DATA TO USE
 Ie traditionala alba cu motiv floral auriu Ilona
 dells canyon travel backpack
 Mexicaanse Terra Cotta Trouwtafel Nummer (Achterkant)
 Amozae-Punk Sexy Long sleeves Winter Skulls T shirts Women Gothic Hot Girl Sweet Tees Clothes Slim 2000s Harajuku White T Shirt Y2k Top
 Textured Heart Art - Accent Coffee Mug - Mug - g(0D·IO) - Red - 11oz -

...

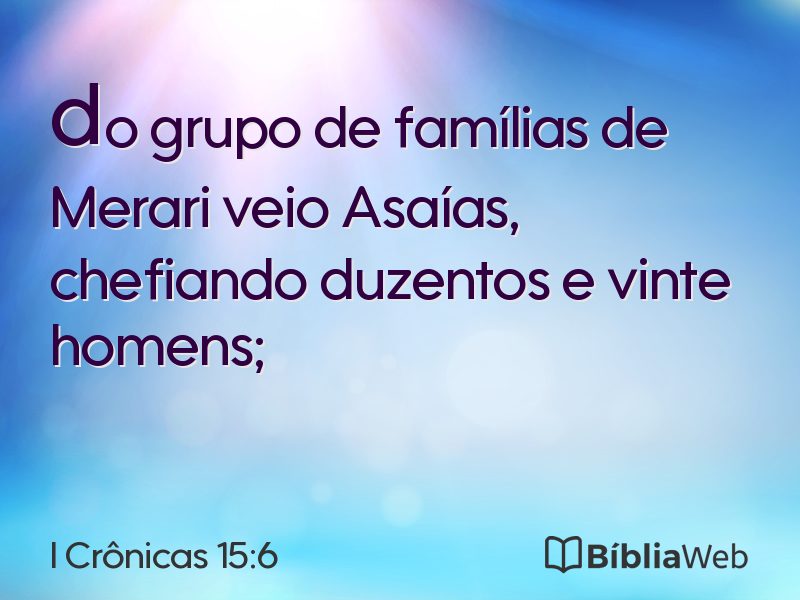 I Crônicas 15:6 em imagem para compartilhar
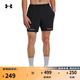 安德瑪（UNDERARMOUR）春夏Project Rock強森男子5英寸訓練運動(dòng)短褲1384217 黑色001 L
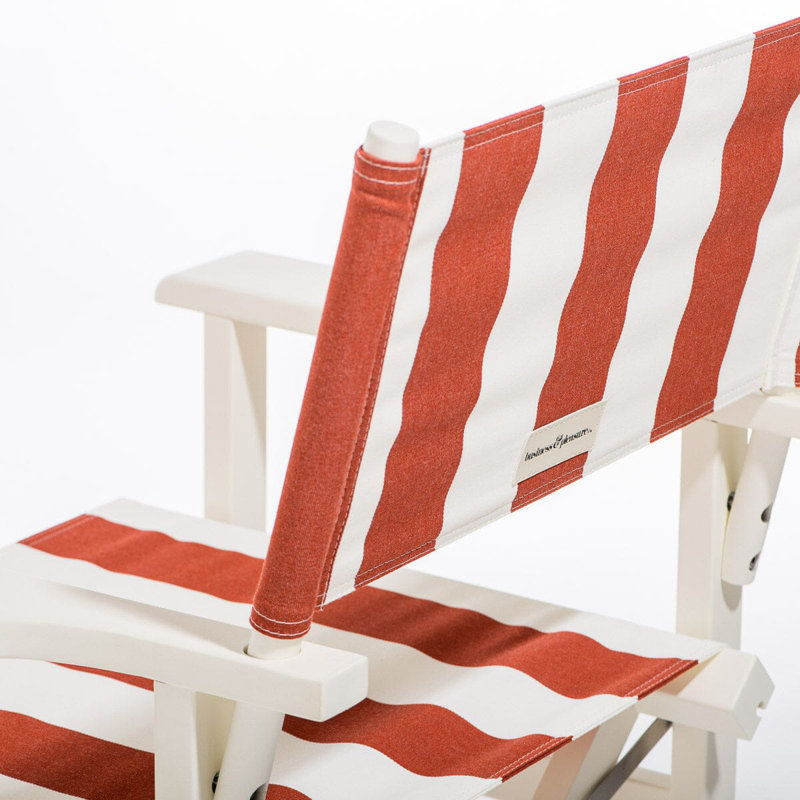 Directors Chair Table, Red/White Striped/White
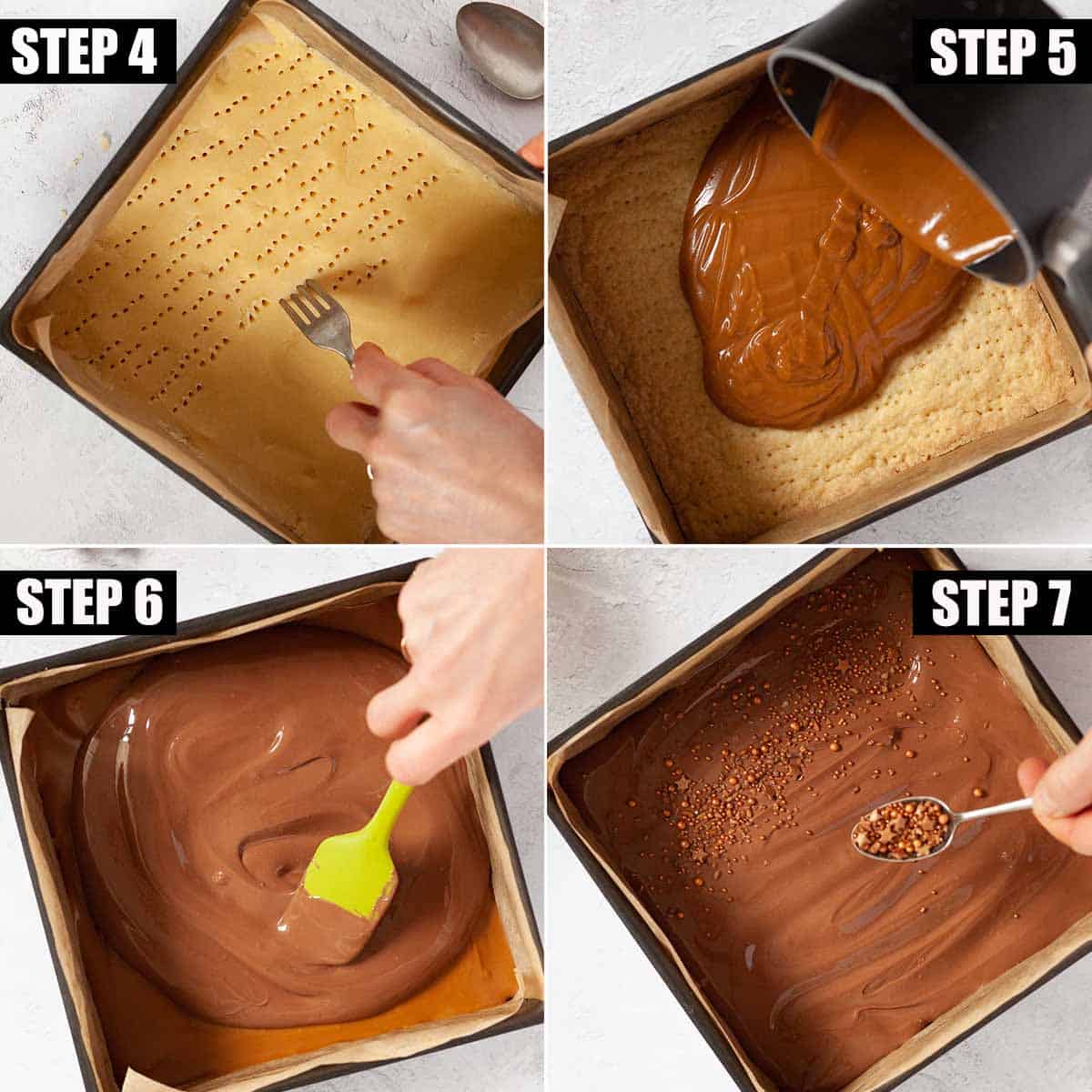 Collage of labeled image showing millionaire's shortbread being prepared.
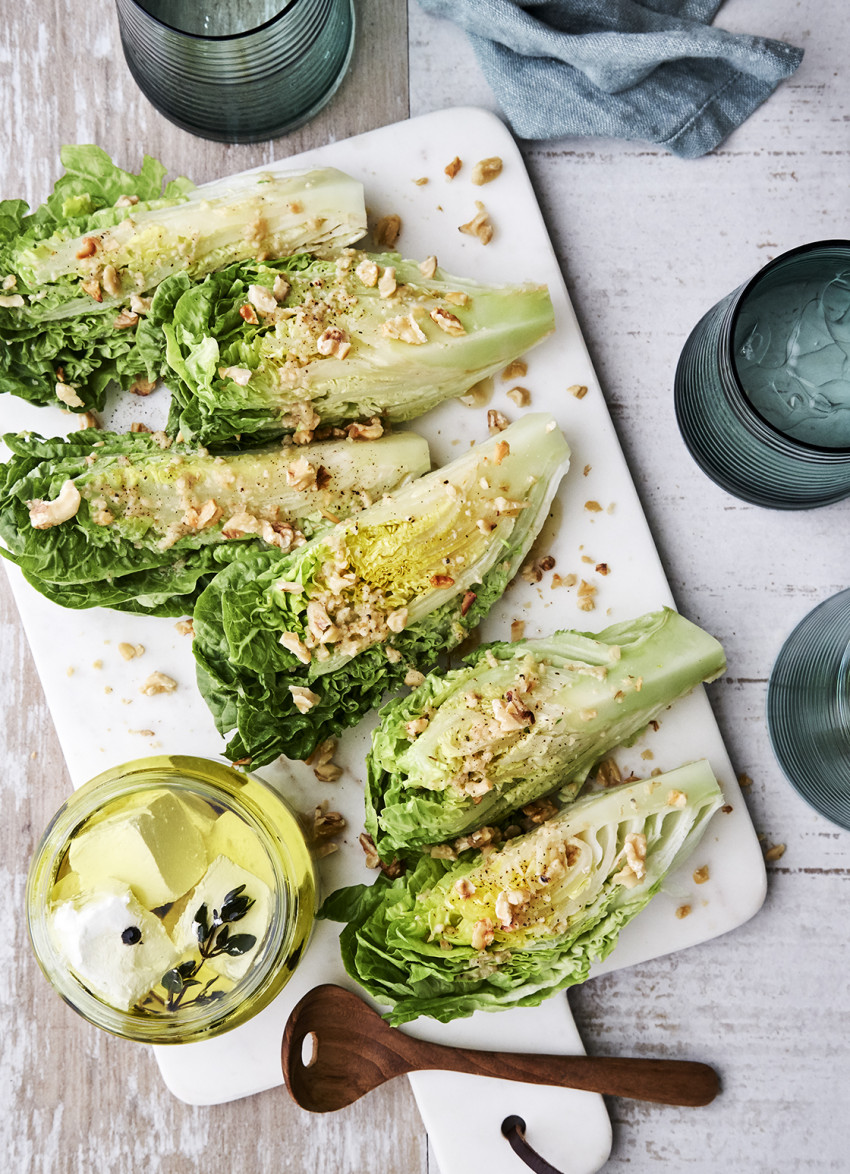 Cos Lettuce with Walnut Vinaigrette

WHAT THE TASK REQUIRES
Using the listing above, return word for word each line from the one that has "Ie traditionala alba" through the one that has "Textured Heart Art", and no line outside that range.

PROBLEM SOLUTION
 Ie traditionala alba cu motiv floral auriu Ilona
 dells canyon travel backpack
 Mexicaanse Terra Cotta Trouwtafel Nummer (Achterkant)
 Amozae-Punk Sexy Long sleeves Winter Skulls T shirts Women Gothic Hot Girl Sweet Tees Clothes Slim 2000s Harajuku White T Shirt Y2k Top
 Textured Heart Art - Accent Coffee Mug - Mug - g(0D·IO) - Red - 11oz -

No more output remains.